Ups, sorry, I missed that mail. Probably read it on the mobile phone and
it became invisible for me later on. Busy day... ;)

The reordering in the workqueue seems fine to me and also still necessary.

Basically, if you delete a node right now the kernel might simply do a
RCU_INIT_POINTER(ptr_location, NULL), which has absolutely no barriers
or synchronization with the reader side.

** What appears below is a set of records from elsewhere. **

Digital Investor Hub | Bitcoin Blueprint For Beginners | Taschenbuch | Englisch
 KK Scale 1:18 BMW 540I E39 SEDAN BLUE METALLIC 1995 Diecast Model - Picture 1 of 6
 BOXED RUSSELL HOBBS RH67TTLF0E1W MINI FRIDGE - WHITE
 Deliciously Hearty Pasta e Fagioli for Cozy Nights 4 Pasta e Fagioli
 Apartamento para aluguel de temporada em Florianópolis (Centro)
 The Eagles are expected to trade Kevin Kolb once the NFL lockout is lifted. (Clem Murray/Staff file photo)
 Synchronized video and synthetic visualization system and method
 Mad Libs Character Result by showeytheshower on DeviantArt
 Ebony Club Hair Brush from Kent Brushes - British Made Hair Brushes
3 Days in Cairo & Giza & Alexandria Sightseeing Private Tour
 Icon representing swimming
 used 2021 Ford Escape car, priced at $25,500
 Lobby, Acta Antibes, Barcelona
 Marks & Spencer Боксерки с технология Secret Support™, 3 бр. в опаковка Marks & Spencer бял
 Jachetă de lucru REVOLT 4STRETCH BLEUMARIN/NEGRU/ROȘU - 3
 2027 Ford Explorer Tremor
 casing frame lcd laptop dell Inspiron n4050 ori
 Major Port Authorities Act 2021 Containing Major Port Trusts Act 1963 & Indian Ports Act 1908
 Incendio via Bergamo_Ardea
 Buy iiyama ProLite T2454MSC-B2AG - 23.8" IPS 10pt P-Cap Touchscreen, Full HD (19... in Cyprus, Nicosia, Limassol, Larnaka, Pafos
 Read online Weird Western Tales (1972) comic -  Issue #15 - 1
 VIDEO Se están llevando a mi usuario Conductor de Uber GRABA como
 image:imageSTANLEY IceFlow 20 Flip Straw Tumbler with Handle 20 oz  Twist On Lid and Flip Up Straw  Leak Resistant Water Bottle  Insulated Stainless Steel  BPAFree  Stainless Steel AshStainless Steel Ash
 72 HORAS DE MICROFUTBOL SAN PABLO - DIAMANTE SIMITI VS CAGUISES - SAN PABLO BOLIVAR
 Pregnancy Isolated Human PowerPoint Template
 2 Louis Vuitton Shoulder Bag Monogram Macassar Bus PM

Thus you might get a callback
from the notifier for a delete event on the one CPU and you end up
queueing this fib entry after the delete queue, because the RCU walk
isn't protected by any means.

Looking closer at this series again, I overlooked the fact that you
fetch fib_seq using a rtnl_lock and rtnl_unlock pair, which first of all
orders fetching of fib_seq and thus the RCU dumping after any concurrent
executing fib table update, also the mutex_lock and unlock provide
proper acquire and release fences, so the CPU indeed sees the effect of
a RCU_INIT_POINTER update done on another CPU, because they pair with
the rtnl_unlock which might happen on the other CPU.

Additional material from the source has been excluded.